At thirteen, the stubborn plastic tube
of childhood ear infections had to be removed.

In its wake, the healed hole did not close,
stole bird wind and breath hymns. Instead,

he learned to drum blast beats, buzz rolls,
crash and snare. He learned the muted world,

to turn without fanfare or shame
his better ear toward a quiet voice.

If we had known how easy healing could be
without major surgery, we’d have done it sooner.

With simple tool, a doctor roughed the edges
of the perforation, made a bleeding wound

of tympanum, and with a common hole punch,
cut a dot of paper thin as cigarette skin.

When she placed it on the ragged hole,
it became a bridge for blood, for hope,

for cells to build themselves a road
over the small chasm. Sound began to cross

at once.

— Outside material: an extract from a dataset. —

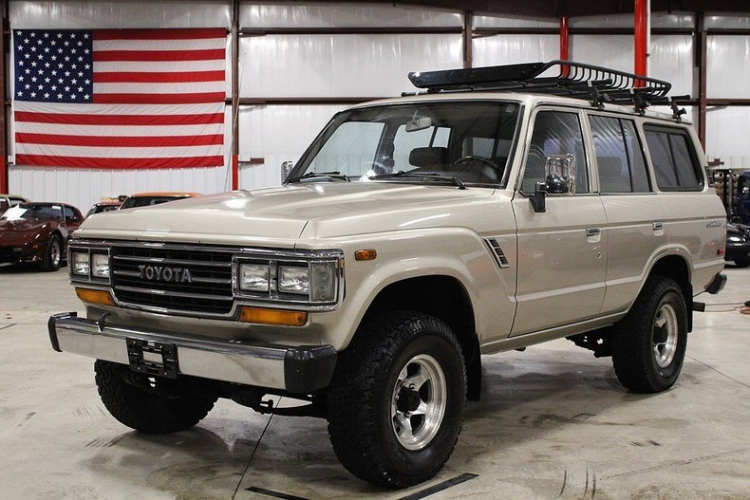 Mọi người cho mình hỏi có nên mua xe Toyota Land Cruiser máy dầu đời 1990 không? Mọi người cho mình hỏi có nên mua xe Toyota Land Cruiser máy dầu đời 1990 không?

Driving home, the radio rushed him.
Overcome, he dialed down brass and bass,

like a solitary monk who hasn’t seen a friend
in years first bows from the neck, the waist,

then holds him at arms’ length
before the caught breath, the full embrace.


One Response to “Bridge”

  1. eduardo says:

    After my own series of childhood middle-ear infections, I was left with (at best) half of normal hearing — 20% in my right; 80% in my left. Now, the hearing-aided world oft seems too boisterous, too cacophonous. But, too, the otherwise missed sounds. So much auditory wonders I miss, without my hearing aids.
    So, yes. There is a holding “at arms’ length” that I may fully gaze upon this unknown-before wonder; followed by, “the caught breath, the full embrace.”